5.2 Registering Ressources

You can look at the available ressources :

Command clrt
$ clrt list
SUNW.LogicalHostname:2
SUNW.SharedAddress:2

Here we need to use more ressources like HA Storage (HAStoragePlus) and GDS :

Command clrt
clrt register SUNW.HAStoragePlus
clrt register SUNW.gds

Now we can verify :

Command clrt
$ clrt list
SUNW.LogicalHostname:2
SUNW.SharedAddress:2
SUNW.HAStoragePlus:6
SUNW.gds:6

5.3 Creating Ressource Group

A RG (Ressource Group) is a containing for example a VIP (Virtual IP or Logical Host)

Command clrg
clrg create sun-rg

You can also specify a rg on a specific node :

Command clrg
clrg create -n sun-node1 sun-rg

5.4 Creating Logical Host (VIP) Ressource

All your requested VIP should be in /etc/hosts file on each nodes, ex :

Configuration File /etc/hosts
#
# Internet host table
#
::1             localhost
127.0.0.1       localhost
192.168.0.72       sun-node1
192.168.0.77       sun-node2
192.168.0.79       my_app1_vip
192.168.0.80       my_app2_vip

Now, activate it :

Command clrslh
clrslh create -g sun-rg -h my_app1_vip my_app1_vip

  • sun-rg : Ressource group (created before)
  • my_app1_vip : name of the vip in the hosts files
  • my_app1_vip : name of the vip ressource in cluster

To specify on only one node :

Command clrslh
clrslh create -g sun-rg -h lh -N ipmp0sun-node1 my_app1_vip

5.5 Creating FileSystem Ressource

Once your LUNs has been created, be sure you can see all available dids on all nodes :

Command didadm
didadm -l

and compare to the 'format' command. Everythings should looks like similar. If not, please run those commands on all nodes :

Command didadm
didadm -C
didadm -r

This will clear all deleted LUN and add all new created LUN in cluster did configuration.

Now create for example a zpool for each of your services. Once done, use them as filesystem ressource :

Command clrs
clrs create -g sun-rg -t SUNW.HAStoragePlus -p zpools=my_app1 my_app1-fs

  • sun-rg : name of the ressource group
  • my_app1 : zpool name
  • my_app1-fs : filesystem cluster ressource name

5.6 Creating a GDS Ressource

A GDS is used to use custom script for starting, stoppping or probbing (status) an application. To integrate a GDS in a RG :

Command clrs
clrs create -g sun-rg -t SUNW.gds -p Start_command="/bin/myscript.sh start" -p Stop_command="/bin/myscript.sh stop" -p Probe_command="/bin/myscript.sh status" -p resource_dependencies=my_app-fs -p Network_aware=false my_app1-script

This will create a GDS with your Zpool as dependancie. This mean it should be up before the start of the GDS.

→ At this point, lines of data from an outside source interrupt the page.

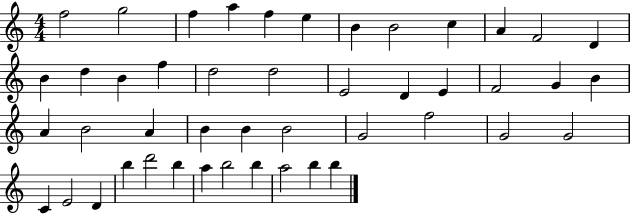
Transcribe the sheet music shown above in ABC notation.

X:1
T:Untitled
M:4/4
L:1/4
K:C
f2 g2 f a f e B B2 c A F2 D B d B f d2 d2 E2 D E F2 G B A B2 A B B B2 G2 f2 G2 G2 C E2 D b d'2 b a b2 b a2 b b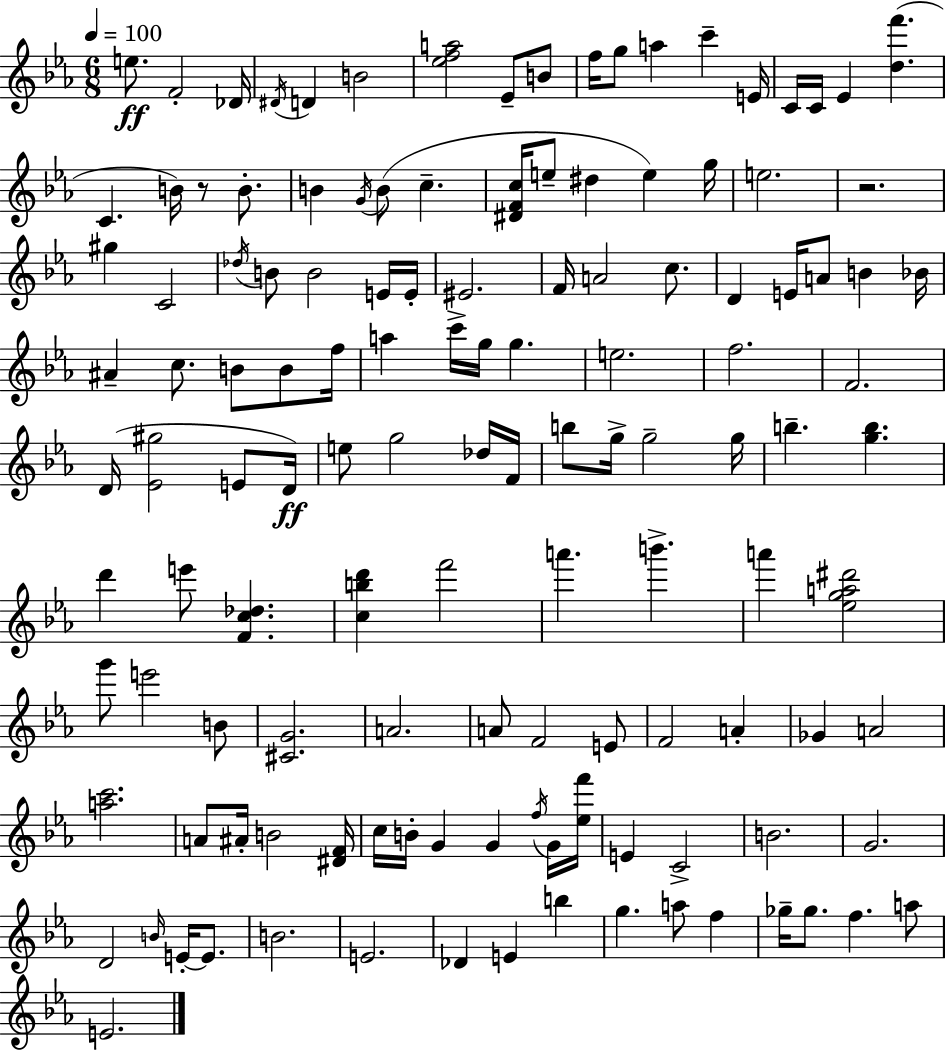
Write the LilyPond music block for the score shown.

{
  \clef treble
  \numericTimeSignature
  \time 6/8
  \key c \minor
  \tempo 4 = 100
  \repeat volta 2 { e''8.\ff f'2-. des'16 | \acciaccatura { dis'16 } d'4 b'2 | <ees'' f'' a''>2 ees'8-- b'8 | f''16 g''8 a''4 c'''4-- | \break e'16 c'16 c'16 ees'4 <d'' f'''>4.( | c'4. b'16) r8 b'8.-. | b'4 \acciaccatura { g'16 } b'8( c''4.-- | <dis' f' c''>16 e''8-- dis''4 e''4) | \break g''16 e''2. | r2. | gis''4 c'2 | \acciaccatura { des''16 } b'8 b'2 | \break e'16 e'16-. eis'2. | f'16 a'2 | c''8. d'4 e'16 a'8 b'4 | bes'16 ais'4-- c''8. b'8 | \break b'8 f''16 a''4 c'''16-> g''16 g''4. | e''2. | f''2. | f'2. | \break d'16( <ees' gis''>2 | e'8 d'16\ff) e''8 g''2 | des''16 f'16 b''8 g''16-> g''2-- | g''16 b''4.-- <g'' b''>4. | \break d'''4 e'''8 <f' c'' des''>4. | <c'' b'' d'''>4 f'''2 | a'''4. b'''4.-> | a'''4 <ees'' g'' a'' dis'''>2 | \break g'''8 e'''2 | b'8 <cis' g'>2. | a'2. | a'8 f'2 | \break e'8 f'2 a'4-. | ges'4 a'2 | <a'' c'''>2. | a'8 ais'16-. b'2 | \break <dis' f'>16 c''16 b'16-. g'4 g'4 | \acciaccatura { f''16 } g'16 <ees'' f'''>16 e'4 c'2-> | b'2. | g'2. | \break d'2 | \grace { b'16 } e'16-.~~ e'8. b'2. | e'2. | des'4 e'4 | \break b''4 g''4. a''8 | f''4 ges''16-- ges''8. f''4. | a''8 e'2. | } \bar "|."
}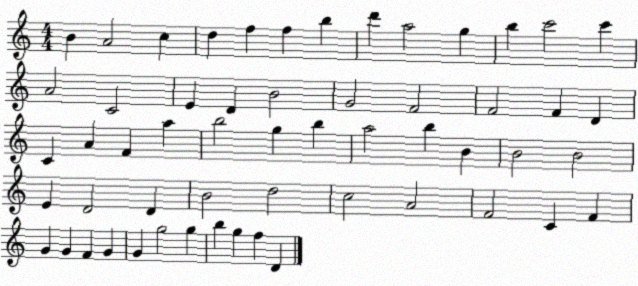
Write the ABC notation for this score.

X:1
T:Untitled
M:4/4
L:1/4
K:C
B A2 c d f f b d' a2 g b c'2 c' A2 C2 E D B2 G2 F2 F2 F D C A F a b2 g b a2 b B B2 B2 E D2 D B2 d2 c2 A2 F2 C F G G F G G g2 g b g f D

Note : You needn't to put the VIP as resource dependencies because Sun cluster do it for you by default.


5.7 Modify / view ressource properties

You may need to change some properties or get informations from. Let's see how to do it. If you want to show :

Command clrs
clrs show -v my_ressource

And choose the ressource you want to set :

Command clrs
clrs set -p my_property=value my_ressource

ex :

clrs set -p START_TIMEOUT=60 ressource_gds
clrs set -p Probe_command="/mnt/test/bin/service_cluster.pl status my_rg" ressource_gds

5.8 Activating Ressource Group

To activate the RG :

Command clrg
clrg manage sun-rg

Now if you want ot use it (this will activate all the resources in the RG) :

Command clrg
clrg online sun-rg

You also can specify a node by adding -n :

Command clrg
clrg online -n node1 sun-rg

6 Maintenance

6.1 Boot in non cluster mode

6.1.1 Reboot with command line

If you need to enter in non cluster mode, please use this command :

Command reboot
reboot -- -x

6.1.2 Boot from grub

Simply edit this line by adding -x at the end during server boot :

kernel /platform/i86pc/multiboot -x

6.2 Remove node from cluster

Simply run this command

Command clnode
clnode remove

7 FAQ

7.1 Can't integrate cluster

7.1.1 Solution 1

During installation, if you get this kind of problems :

Waiting for "sun-node2" to become a cluster member ...

Please follow this step :
Remove RPC and Webconsole binding

7.1.2 Solution 2

Remove node configuration and retry.

7.2 The cluster is in installation mode

If at the end of the installation you encounter this kind of problem (a message like "The cluster is in installation mode" or "Le cluster est en mode installation") this mean you need to configure something before configuring your RG or RS.

If you have the WebUI (http://127.0.0.1:6789 for example), you certainly could resolve your problem with it. But in this case, if may have installed the Quorum. So you need to configure it as well.

7.3 How to change Private Interconnect IP for cluster ?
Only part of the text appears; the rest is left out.